Market Order
A market order executes immediately at the best available price. It guarantees execution but not price. During high volatility or at market open, you may receive a price significantly different from what you saw on screen.
When to use: When getting the trade done is more important than the exact price. Safe for large, liquid stocks with tight bid-ask spreads. Risky for low-volume stocks.
Limit Order
A limit order specifies the maximum price you're willing to pay (buy) or minimum price you'll accept (sell). If the price is not reached, the order stays open or expires.
Buy limit: "Buy this stock at no more than $50." The order only fills if the price drops to $50 or below.
Sell limit: "Sell this stock for no less than $60." The order only fills if the price rises to $60 or above.
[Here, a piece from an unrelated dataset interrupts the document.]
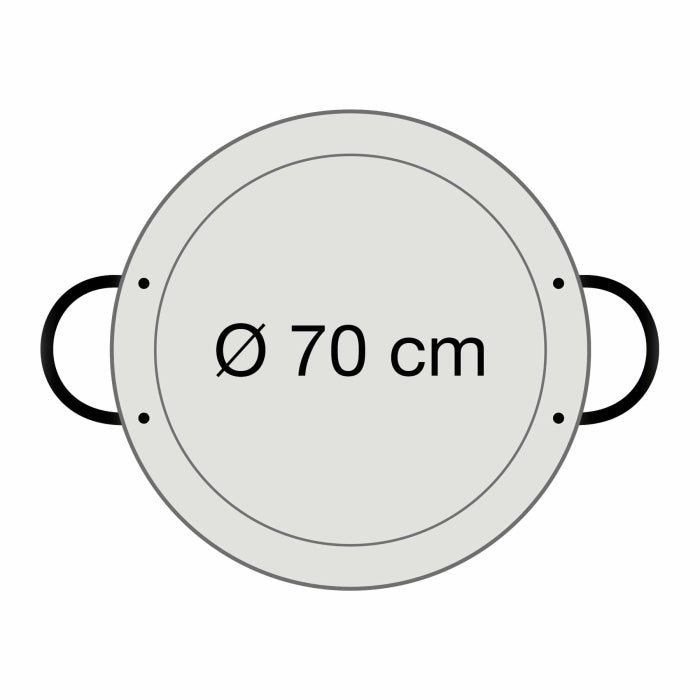 Paella-Pfanne Stahl poliert Ø 70 cm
When to use: For low-liquidity stocks, volatile markets, or when targeting a specific entry/exit price. Most experienced investors prefer limit orders over market orders.
Stop-Loss and Stop-Limit Orders
Stop-loss order: When the stock falls to your stop price, it converts to a market order and sells automatically. Used to limit losses. Example: Bought at $100, set stop-loss at $85 — the stock sells automatically if it reaches $85.
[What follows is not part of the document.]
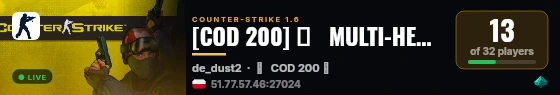 [COD 200] ★   MULTI-HEAD   ★ live status badge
Stop-limit order: When the stop price is hit, a limit order (not market) is entered at your specified limit price. In fast-moving markets, the price can gap through your limit, leaving the order unfilled.
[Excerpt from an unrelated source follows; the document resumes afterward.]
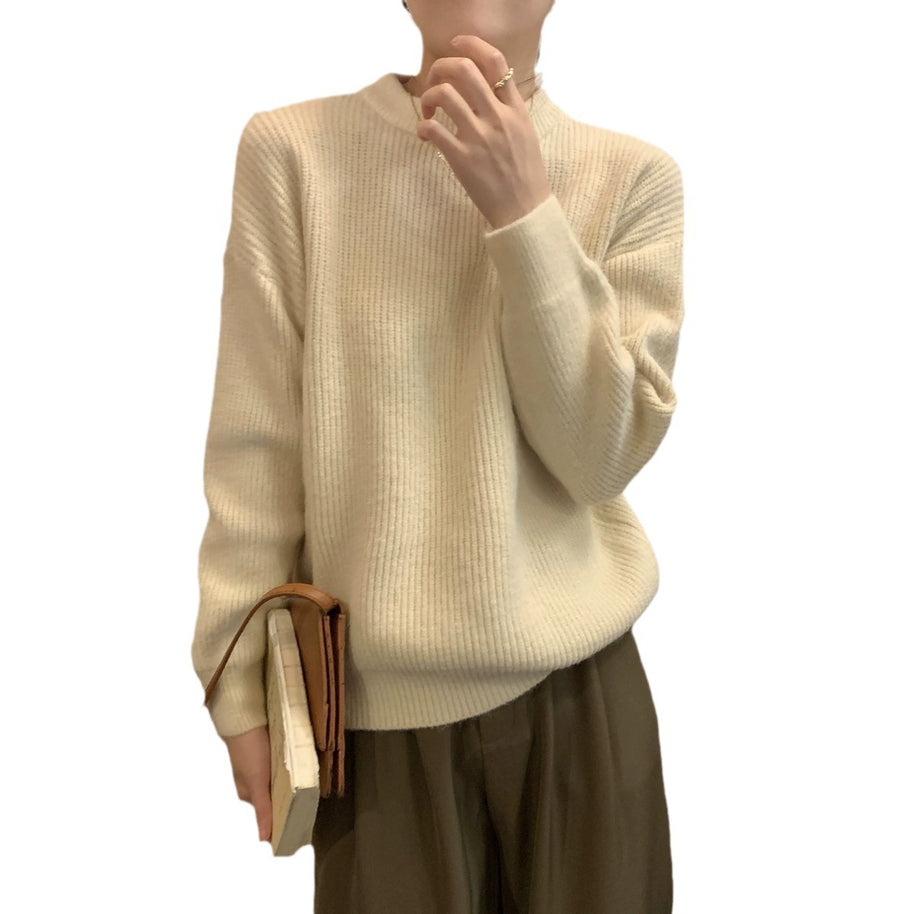 Damen bequemer Strickpullover mit feinem Rippenmuster und lässigem Schnitt WW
OCO (One Cancels Other): Simultaneously places a take-profit limit and a stop-loss order. When one fills, the other is automatically cancelled.
Key Rules to Know
Tick size: Exchanges specify minimum price increments. For stocks under $10 this is typically $0.01; larger stocks may have larger minimum moves.
Circuit breakers: Most exchanges halt trading temporarily when a stock moves beyond a defined threshold (e.g., ±10%) in a single session to prevent panic-driven crashes.